Crews took advantage of calmer winds overnight, clearing brush and digging containment lines above hillside neighborhoods, fire information officer Lisa Cox said.

“Everything’s holding really well,” Cox said. While gusts were expected to ease somewhat, even the lower intensity winds are still extremely dangerous, she said.

The fire that started nearly two weeks ago has burned at least 700 residences and killed a firefighter, but Cox said firefighters saved thousands of homes from being destroyed.

Some evacuations were lifted to the east in Ventura County where the blaze erupted and officials reported progress protecting the inland agricultural city of Fillmore.

Mandatory evacuations remained in place around Montecito and neighboring Summerland as firefighters sprayed water onto hot spots sparked by wind-blown embers. A portion of the city of Santa Barbara was under mandatory evacuation. At the city’s zoo, workers put some animals into crates and kennels to ready them for possible evacuation.

Santa Barbara Zoo prepared for evacuation Saturday as California fires spread. Although the zoo itself has not been told to evacuate, neighboring areas were told to leave. Zoo Keepers are preparing head lamps in the event of a night evacuation. (Dec. 16)
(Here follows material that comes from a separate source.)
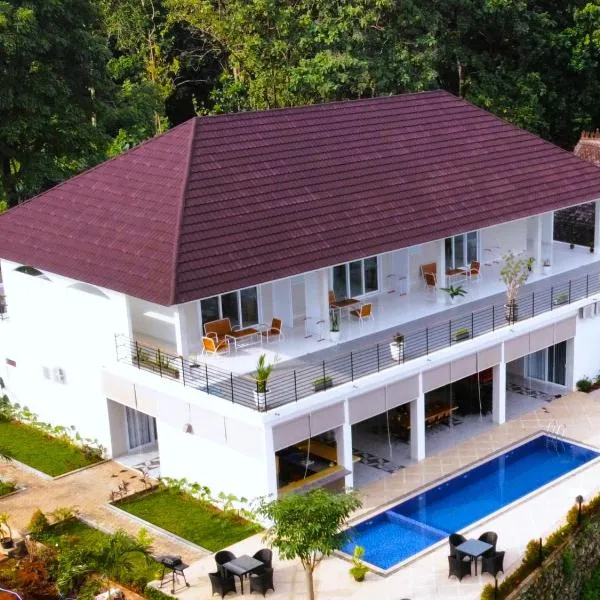 Garden House Jepara, hotel in Jepara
In downtown Santa Barbara, Maya Schoop-Rutten, owner of Chocolate Maya, said she saw through the window of her chocolate shop smoke suddenly appear Saturday after strong winds blew through.

“It was absolutely incredible,” she said. “There was a huge mushroom of smoke that happened in just a matter of a few minutes.”
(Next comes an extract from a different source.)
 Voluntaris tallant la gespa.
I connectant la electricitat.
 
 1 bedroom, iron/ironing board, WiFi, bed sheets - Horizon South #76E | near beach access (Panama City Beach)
Restaurants and small stores on normally bustling State Street were shuttered Saturday.

“It’s a ghost town,” Schoop-Rutten said. “It’s very, very eerie.”

The 420-square-mile (1,085-square-kilometer) blaze called the Thomas Fire was moving rapidly westward and crested Montecito Peak, just north of Montecito. Known for its star power, the enclave boasts the mansions of Oprah Winfrey, Ellen DeGeneres and many other celebrities.

Winfrey expressed her dismay on her Twitter account.

“Still praying for our little town. Winds picked up this morning creating a perfect storm of bad for firefighters,” Winfrey tweeted. It was not clear if the former talk show host was in Montecito.

Pierre Henry, owner of the Bree’osh Bakery in Montecito, said he got a text to evacuate Saturday morning as the fire approached homes.